---- DATA SEGMENT
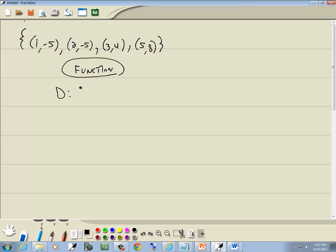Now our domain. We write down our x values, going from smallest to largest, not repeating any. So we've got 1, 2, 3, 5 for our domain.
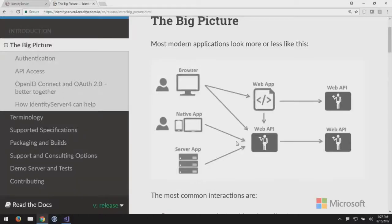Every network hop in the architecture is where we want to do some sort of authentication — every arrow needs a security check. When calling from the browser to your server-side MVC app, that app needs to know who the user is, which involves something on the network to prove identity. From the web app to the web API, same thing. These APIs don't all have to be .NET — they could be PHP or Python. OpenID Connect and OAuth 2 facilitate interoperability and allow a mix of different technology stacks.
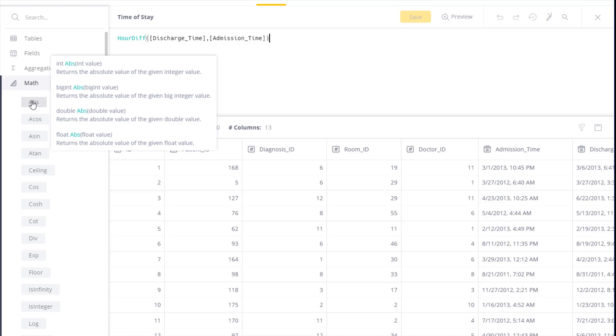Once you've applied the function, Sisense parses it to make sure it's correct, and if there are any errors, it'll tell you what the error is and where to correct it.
--------
## INSTRUCTIONS TO FOLLOW
Output the material word for word. Pictures do not go in.

## SOLUTION BELOW
Now our domain. We write down our x values, going from smallest to largest, not repeating any. So we've got 1, 2, 3, 5 for our domain.
Every network hop in the architecture is where we want to do some sort of authentication — every arrow needs a security check. When calling from the browser to your server-side MVC app, that app needs to know who the user is, which involves something on the network to prove identity. From the web app to the web API, same thing. These APIs don't all have to be .NET — they could be PHP or Python. OpenID Connect and OAuth 2 facilitate interoperability and allow a mix of different technology stacks.
Once you've applied the function, Sisense parses it to make sure it's correct, and if there are any errors, it'll tell you what the error is and where to correct it.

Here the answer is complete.